(Crawled caption data)
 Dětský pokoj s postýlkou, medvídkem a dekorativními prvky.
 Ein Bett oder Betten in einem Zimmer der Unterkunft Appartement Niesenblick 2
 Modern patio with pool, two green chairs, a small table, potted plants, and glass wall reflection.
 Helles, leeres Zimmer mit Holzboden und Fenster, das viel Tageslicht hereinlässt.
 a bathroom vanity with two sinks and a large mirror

Brief:
Every line above must be repeated exactly as it appears.

Response for this exercise:
 Dětský pokoj s postýlkou, medvídkem a dekorativními prvky.
 Ein Bett oder Betten in einem Zimmer der Unterkunft Appartement Niesenblick 2
 Modern patio with pool, two green chairs, a small table, potted plants, and glass wall reflection.
 Helles, leeres Zimmer mit Holzboden und Fenster, das viel Tageslicht hereinlässt.
 a bathroom vanity with two sinks and a large mirror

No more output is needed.